Frédéric Oudéa, Societe Generale |
At Societe Generale, the business at least stayed in the black, with revenues of €9 million, for a fall of 99%. So, SocGen was the best of a bad bunch, right?
Not necessarily. Some equity derivatives folk reckon it might be more prone to stress in these conditions than its competitors.
The bank’s chief executive, Frédéric Oudéa, certainly says there is reason to rethink what it is doing. He told the Financial Times on April 30 that it would have to “accelerate the transition to simpler products to limit the impact in such incredible scenarios” as the current crisis.
Dividend wrecker
A good chunk of the structured products being sold by these banks are linked to equity indices. Hedging them typically involves holding a basket of the underlying stocks. Doing that means the bank is structurally long dividends, and it’s a good job too – much of the time they are a big part of making this business profitable.

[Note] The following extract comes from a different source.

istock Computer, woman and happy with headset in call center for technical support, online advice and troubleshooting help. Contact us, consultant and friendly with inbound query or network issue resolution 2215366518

And there’s the first problem that all the banks suffered in the first quarter. European supervisory pressure for banks and insurers to cancel dividend payments for 2019, often after those dividends had been approved or when they were just about to be paid, wrecked the business model for a lot of structured products.
The failure to pay would mostly not have been hedged, since the probability of pay-out would have been close to 100% at the time when the shock came about. On top of that, many companies in other sectors also suspended dividend payments.
BNPP says it is taking a one-off charge of €184 million related to the dividend restrictions. SocGen says its hit was about €200 million, while Natixis has disclosed a €130 million mark-down.
(As an aside, that Natixis number also raised some eyebrows, given that some in the market would have expected Natixis’s basket-arbitrage book to be much smaller than its mark-down would suggest.)
Hedging costs
But the dividend cut is not the whole story, as BNP Paribas CFO Lars Machenil acknowledged on his first-quarter earnings call with analysts. He said that after stripping out the dividend hit, the equity derivatives business lost in March roughly what it had made in January and February.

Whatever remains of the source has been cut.